Nunatsiaq Online
NEWS: Nunavut August 18, 2017 - 1:10 pm

Pick up the phone if you need support, says Nunavut’s Victims Services

"We want them to know there’s someone here for them"

SARAH ROGERS

Nunavut faces some of the highest rates of family violence and sexual assault in the country, at more than seven times the national rate for Canada.

But the territory’s Victims Services wants Nunavummiut to know there is help for people who have been victimized.

“We’re trying to make sure that everyone knows that we’re here and available,” said Nunavut Victims Services victims care coordinator Lorri Martinez.

“It’s hard to come forward but we want them to know there’s someone here for them.”

Nunavut Victims Services is run through the Government of Nunavut’s Department of Justice. The service is Iqaluit-based, but there are victim service workers in each community.

And the support those workers offer runs the gamut, from emotion support to helping clients fill out paperwork.

“Right from the beginning, if they need support at the hospital; if they need support having a rape kit done or addressing other physical injuries,” she said. “We advocate on behalf of the victims to have testing done for sexually-transmitted infections or pregnancy.”

Victim services workers will also help victims develop and implement a safety plan, Martinez said—helping victims and sometimes their children find appropriate accommodation, whether it’s settling back in at home or finding space in a shelter.

Later on, victims services will accompany clients through court proceedings or to prepare a victim impact statement.

Among the most common aggressions faced by Nunavummiut victims who seek support: sexual assault, family violence, child abuse, homicide and arson, Martinez said.

She did not have statistics on the number of clients Victims Services sees each year.

Nunatsiaq News reached out to Victim Services following a warning Nunavut RCMP sent out to women in Clyde River following the arrest of a Clyde River man alleged to have assaulted a local woman.

Last week, RCMP caught the public’s attention with a news release warning women to be vigilant and safe against the risk of sexual assault.

Nunavut police went on to offer women tips on how to avoid potential assaults, suggesting they avoid wearing headphones, talking on a cell phone and ensure they keep their hands free.

The advice drew criticism from some women, who called it victim blaming, and accused police of ignoring the issue at hand—those who commit assault.

Victim Services declined to comment on the RCMP release.

“We’re not in a position to speak to the RCMP statements put out,” she said. “We just work directly with the victims, once they contact us.
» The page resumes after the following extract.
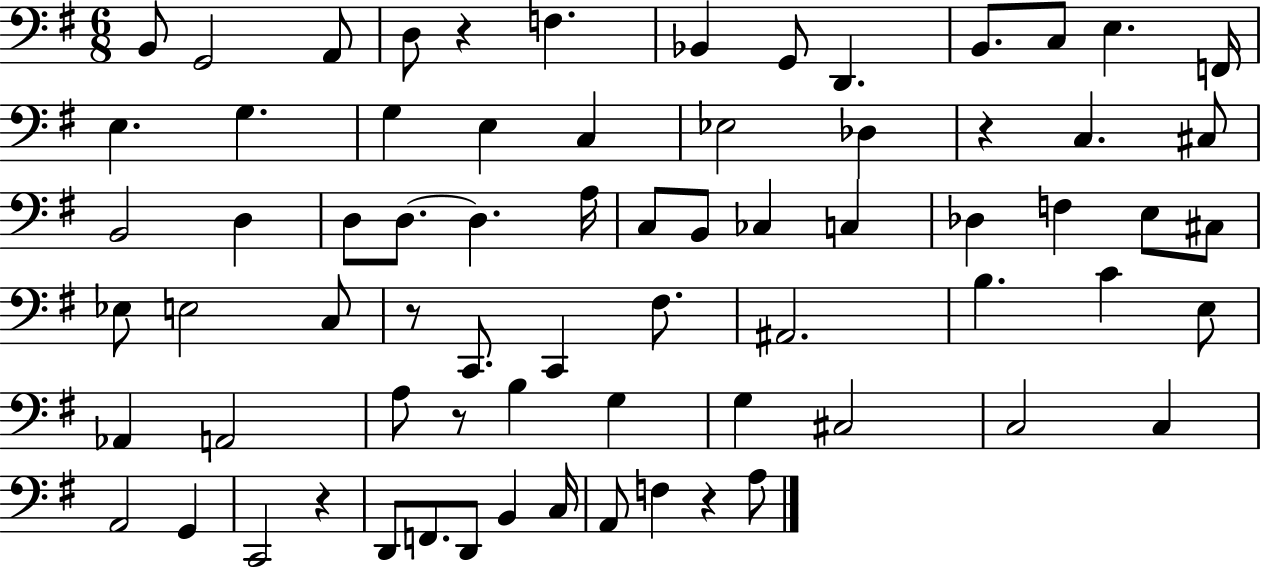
B2/e G2/h A2/e D3/e R/q F3/q. Bb2/q G2/e D2/q. B2/e. C3/e E3/q. F2/s E3/q. G3/q. G3/q E3/q C3/q Eb3/h Db3/q R/q C3/q. C#3/e B2/h D3/q D3/e D3/e. D3/q. A3/s C3/e B2/e CES3/q C3/q Db3/q F3/q E3/e C#3/e Eb3/e E3/h C3/e R/e C2/e. C2/q F#3/e. A#2/h. B3/q. C4/q E3/e Ab2/q A2/h A3/e R/e B3/q G3/q G3/q C#3/h C3/h C3/q A2/h G2/q C2/h R/q D2/e F2/e. D2/e B2/q C3/s A2/e F3/q R/q A3/e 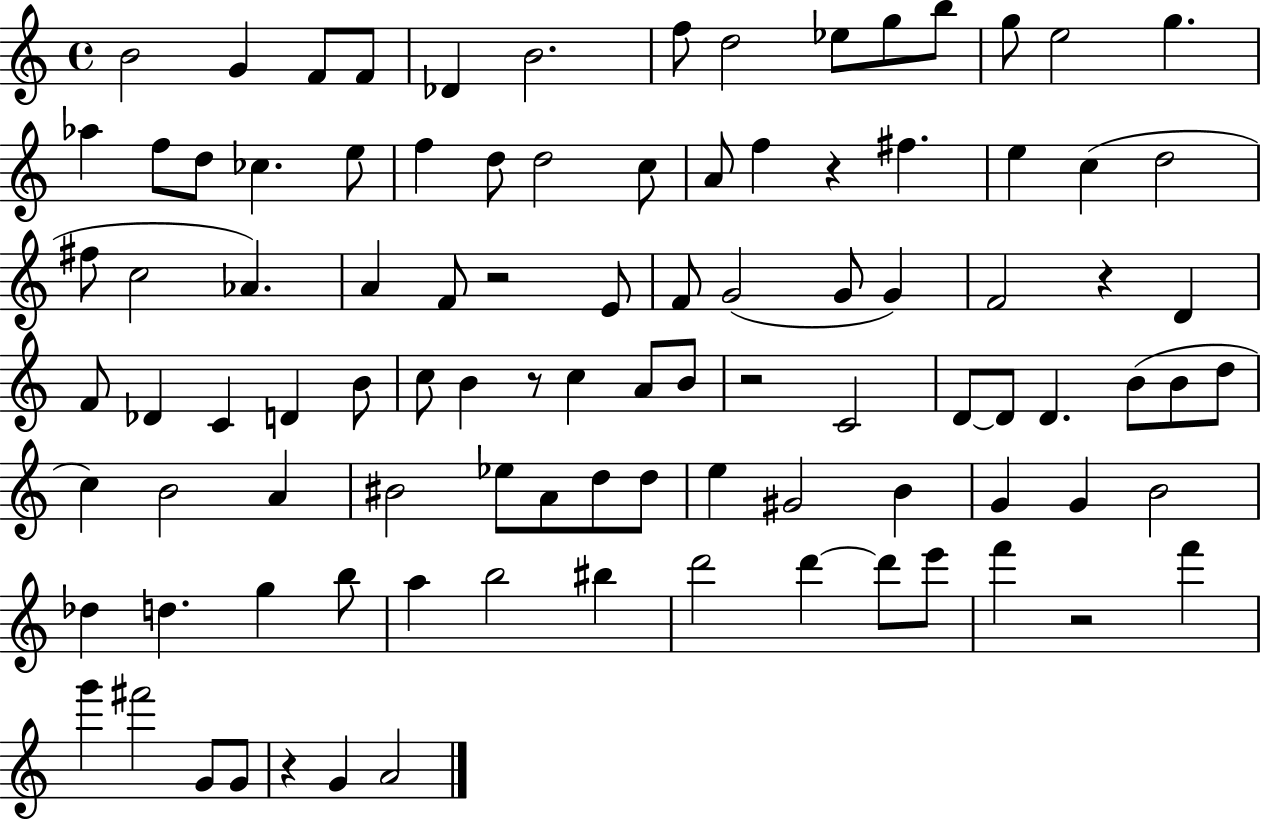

And everything is at their request, once they reach out.”

Any time the RCMP meets with a victim of a crime, the contact information they provide includes a number to contact Victim Services.

Nunavummiut can also call toll-free 1-866-456-5216 for service in English or Inuktitut or send an email to .(JavaScript must be enabled to view this email address).

“We want them to know that we’re listening and we care about what happens to them,” Martinez said.